TASK DETAILS
Your copy of the listing should match it exactly, only without pictures.

__________

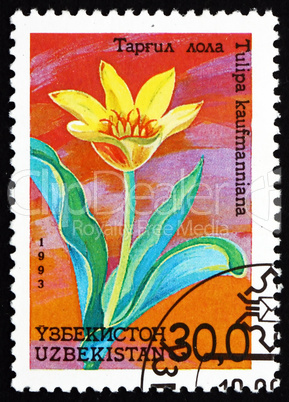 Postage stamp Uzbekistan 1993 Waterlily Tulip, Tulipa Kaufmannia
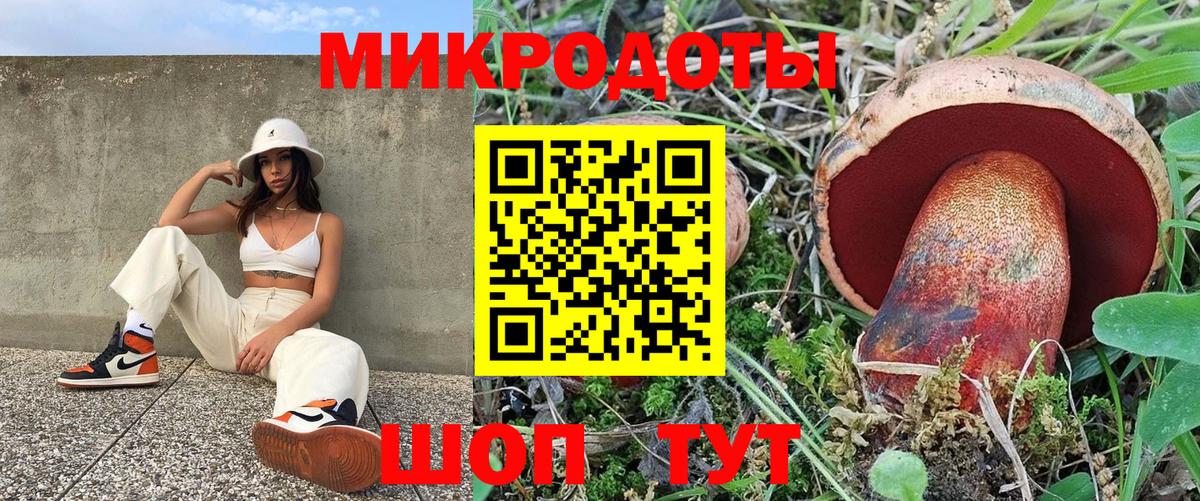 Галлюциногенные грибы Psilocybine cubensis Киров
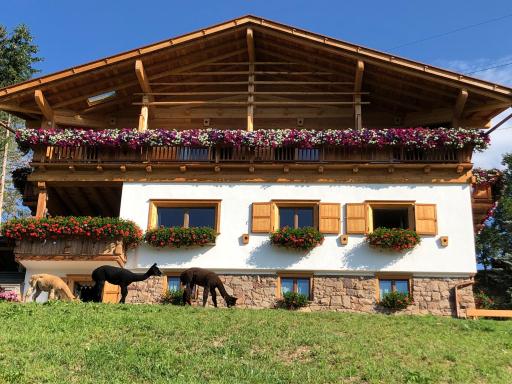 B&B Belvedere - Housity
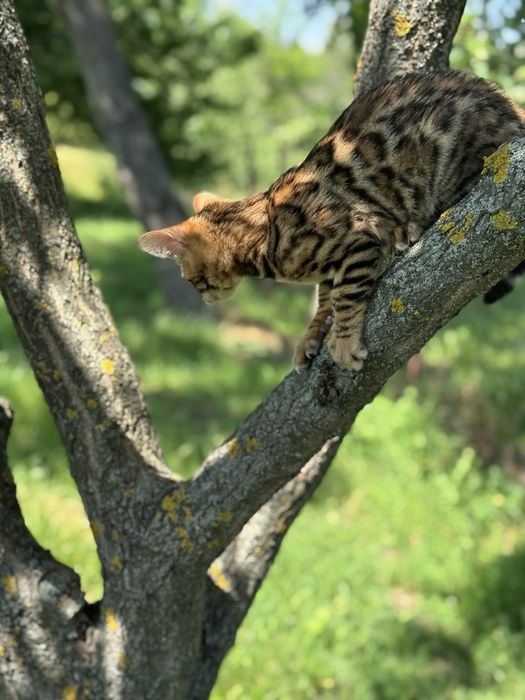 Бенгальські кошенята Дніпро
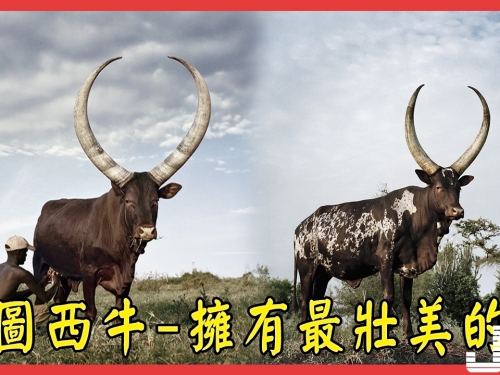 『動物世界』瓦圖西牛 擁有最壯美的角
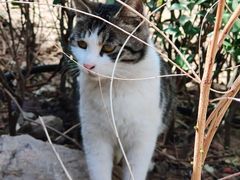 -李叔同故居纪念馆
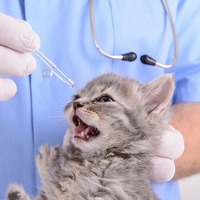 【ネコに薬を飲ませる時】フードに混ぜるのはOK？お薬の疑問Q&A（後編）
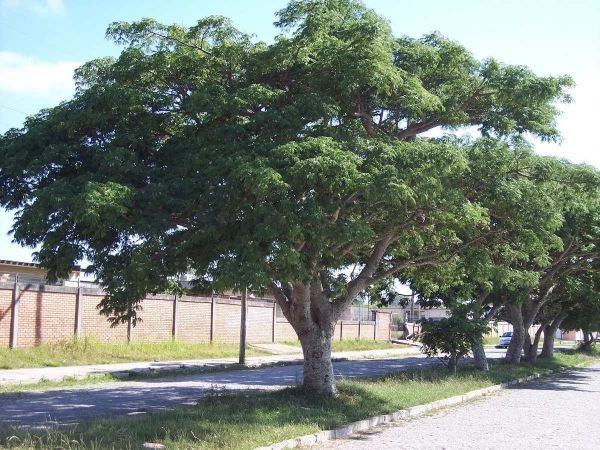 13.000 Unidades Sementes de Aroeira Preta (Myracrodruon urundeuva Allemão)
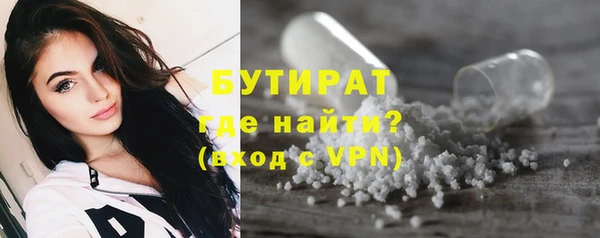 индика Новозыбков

__________

ANSWER BOX
 Postage stamp Uzbekistan 1993 Waterlily Tulip, Tulipa Kaufmannia
 Галлюциногенные грибы Psilocybine cubensis Киров
 B&B Belvedere - Housity
 Бенгальські кошенята Дніпро
 『動物世界』瓦圖西牛 擁有最壯美的角
 -李叔同故居纪念馆
 【ネコに薬を飲ませる時】フードに混ぜるのはOK？お薬の疑問Q&A（後編）
 13.000 Unidades Sementes de Aroeira Preta (Myracrodruon urundeuva Allemão)
 индика Новозыбков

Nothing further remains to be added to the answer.